The records below are to be repeated exactly, minus any pictures.

═══ PROVIDED RECORDS

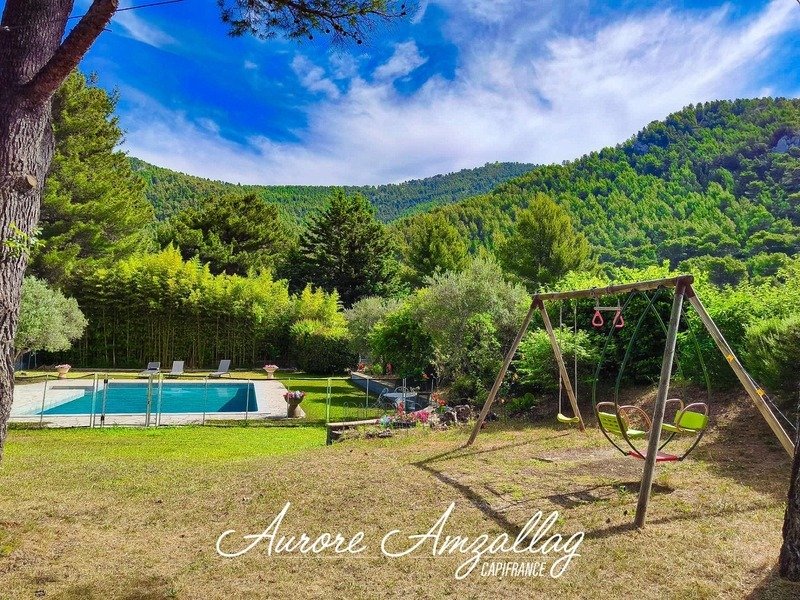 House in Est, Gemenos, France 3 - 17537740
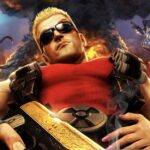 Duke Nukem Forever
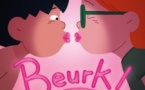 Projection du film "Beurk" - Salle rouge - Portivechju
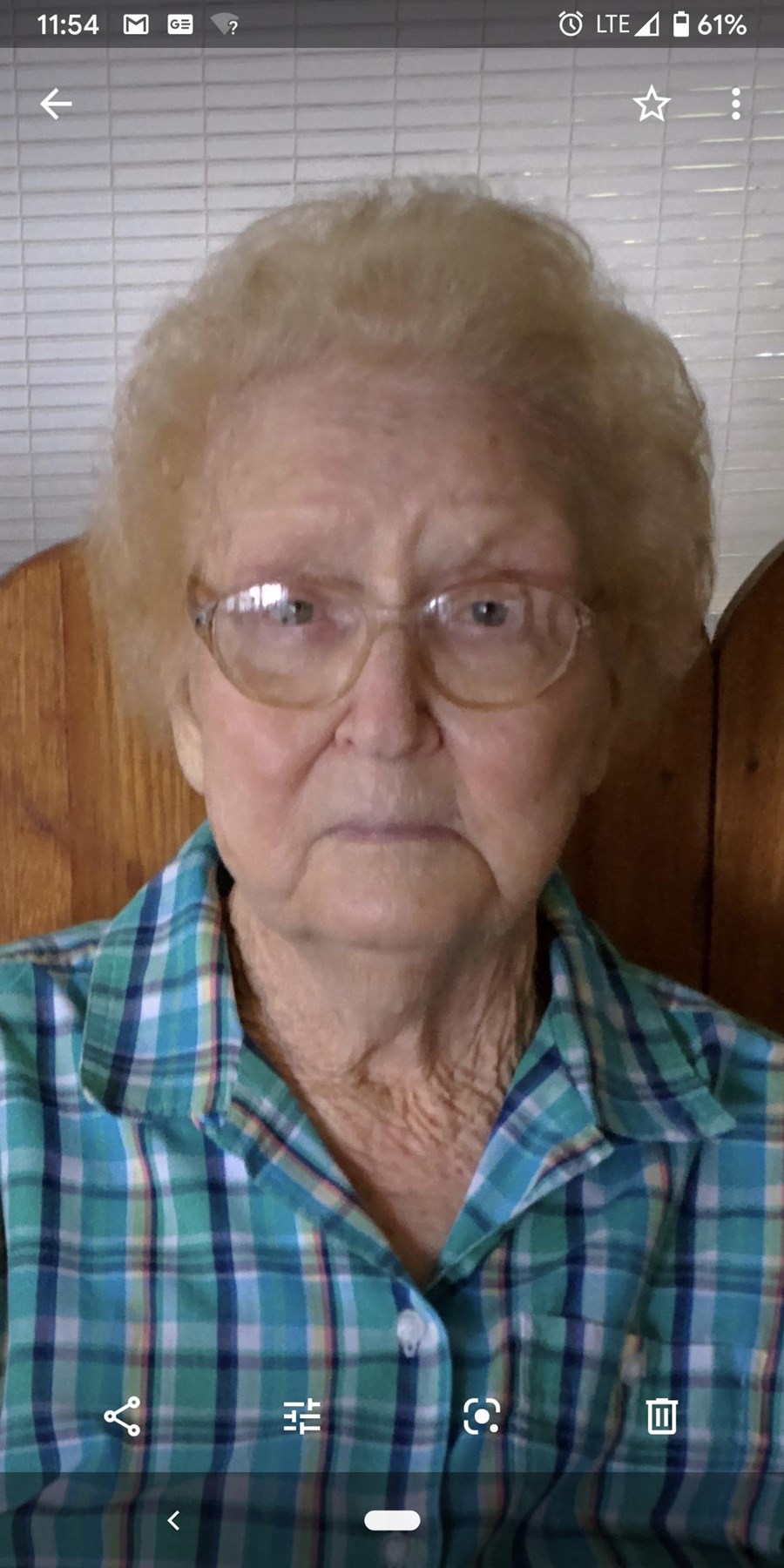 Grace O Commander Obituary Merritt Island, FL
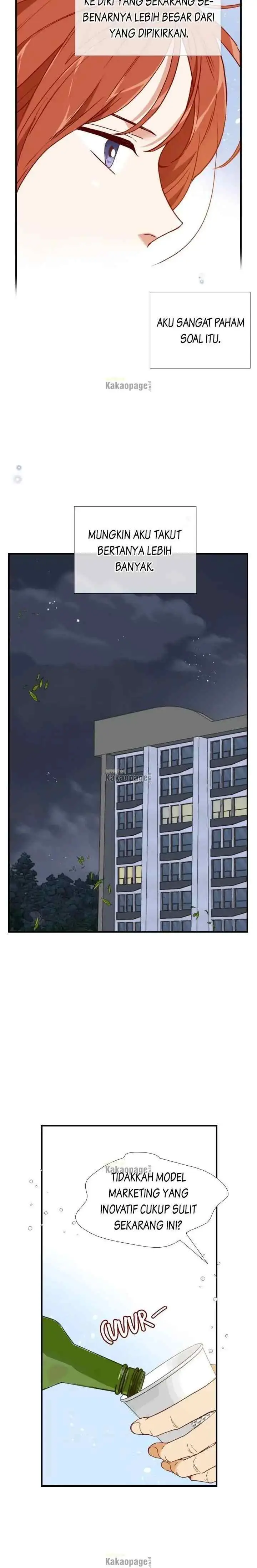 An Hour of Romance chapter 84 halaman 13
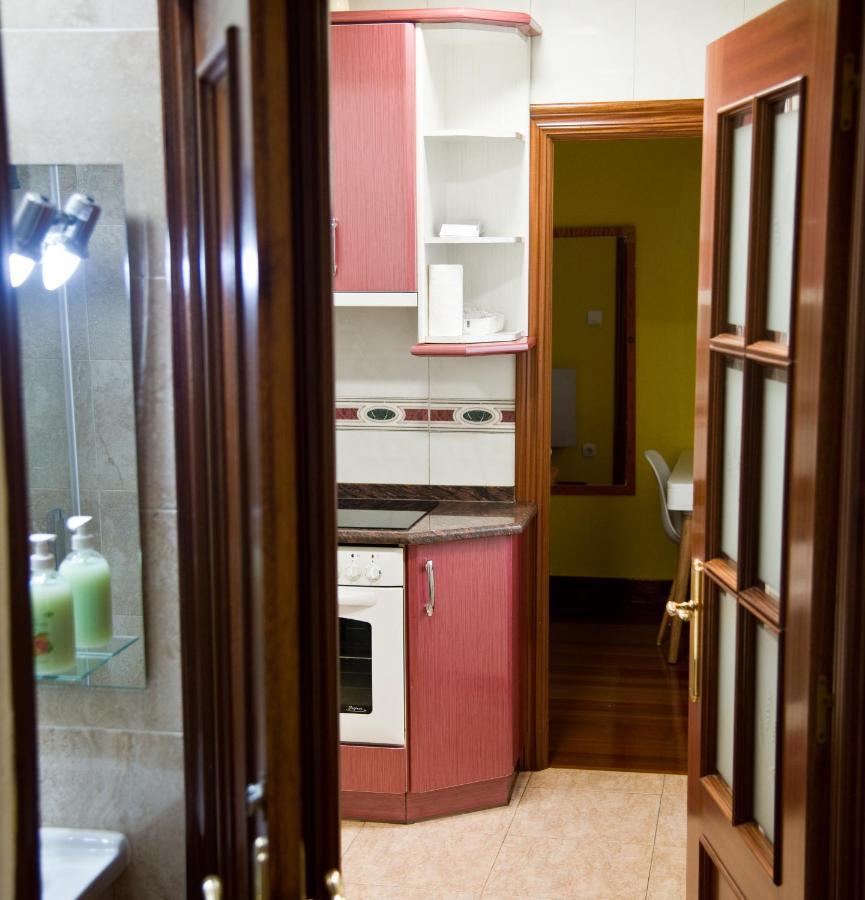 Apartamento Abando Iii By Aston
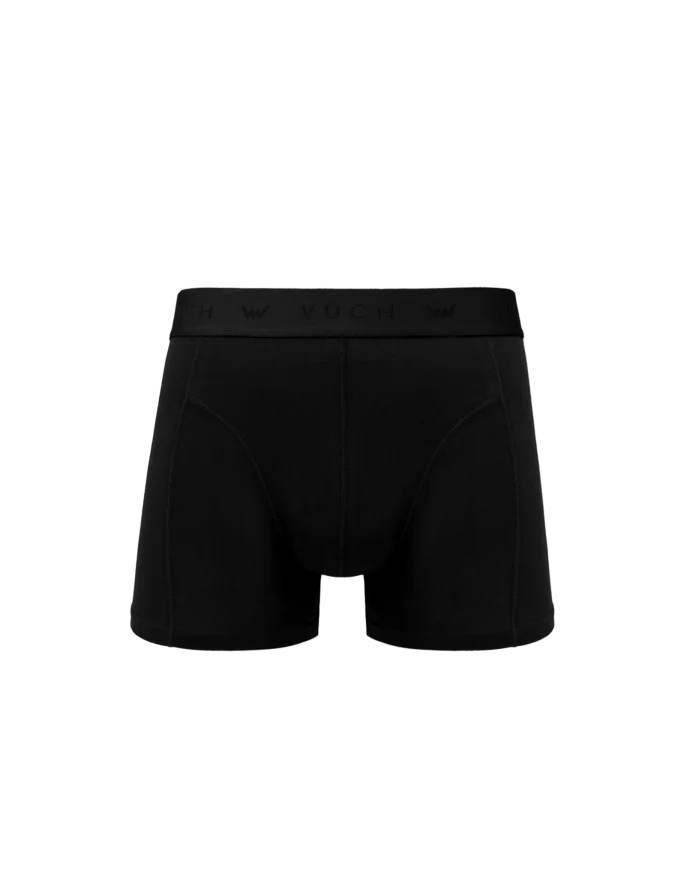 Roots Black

══════

**OUTPUT FOR THIS TASK:**
 House in Est, Gemenos, France 3 - 17537740
 Duke Nukem Forever
 Projection du film "Beurk" - Salle rouge - Portivechju
 Grace O Commander Obituary Merritt Island, FL
 An Hour of Romance chapter 84 halaman 13
 Apartamento Abando Iii By Aston
 Roots Black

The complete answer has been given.